▶ [Work item] Please repeat the data exactly. Any picture in it stays out.

▶ [Data block]

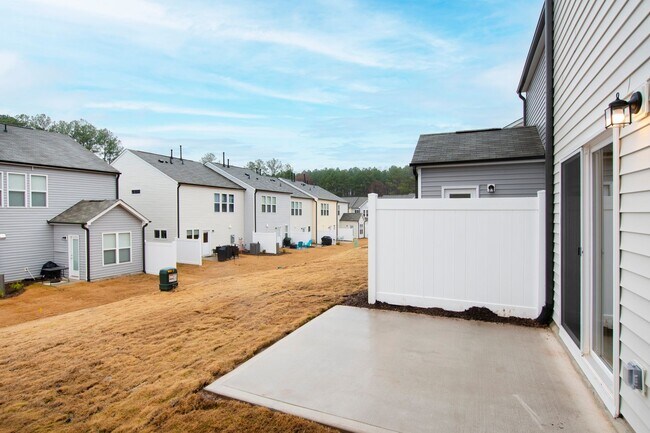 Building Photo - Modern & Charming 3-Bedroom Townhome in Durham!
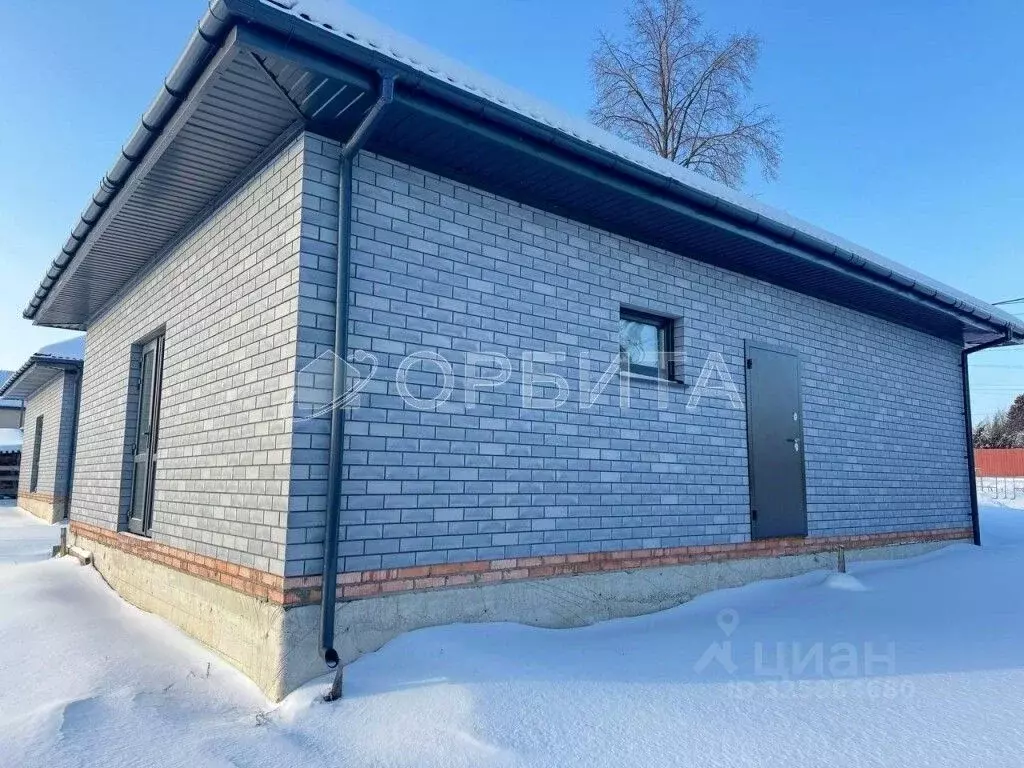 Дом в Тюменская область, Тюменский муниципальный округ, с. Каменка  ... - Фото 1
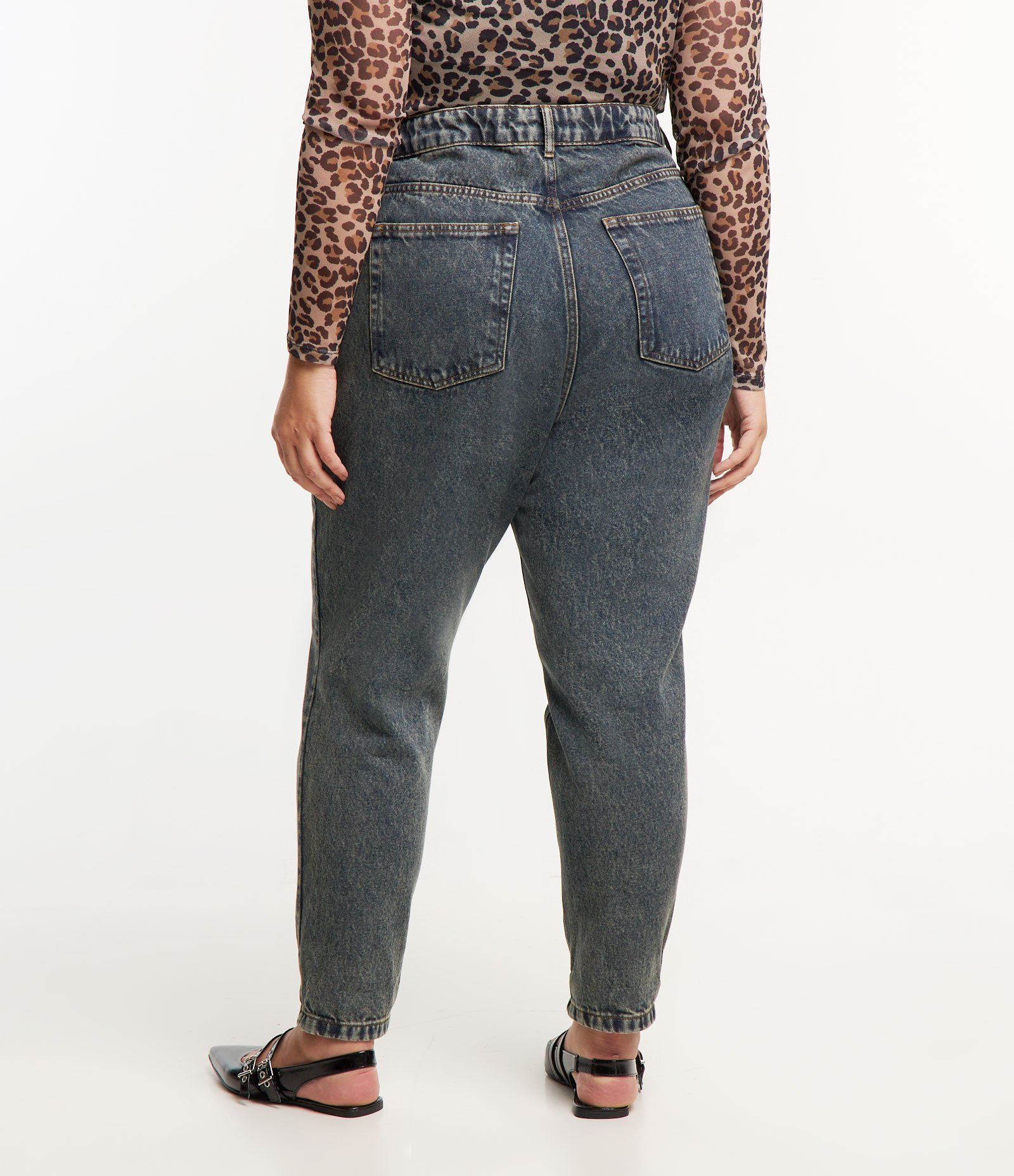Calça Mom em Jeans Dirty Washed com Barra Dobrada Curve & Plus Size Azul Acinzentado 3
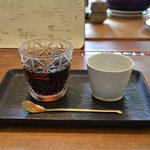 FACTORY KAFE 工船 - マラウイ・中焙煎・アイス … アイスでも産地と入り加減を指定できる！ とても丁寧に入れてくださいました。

▶ [Result for this exercise]
 Building Photo - Modern & Charming 3-Bedroom Townhome in Durham!
 Дом в Тюменская область, Тюменский муниципальный округ, с. Каменка  ... - Фото 1
Calça Mom em Jeans Dirty Washed com Barra Dobrada Curve & Plus Size Azul Acinzentado 3
 FACTORY KAFE 工船 - マラウイ・中焙煎・アイス … アイスでも産地と入り加減を指定できる！ とても丁寧に入れてくださいました。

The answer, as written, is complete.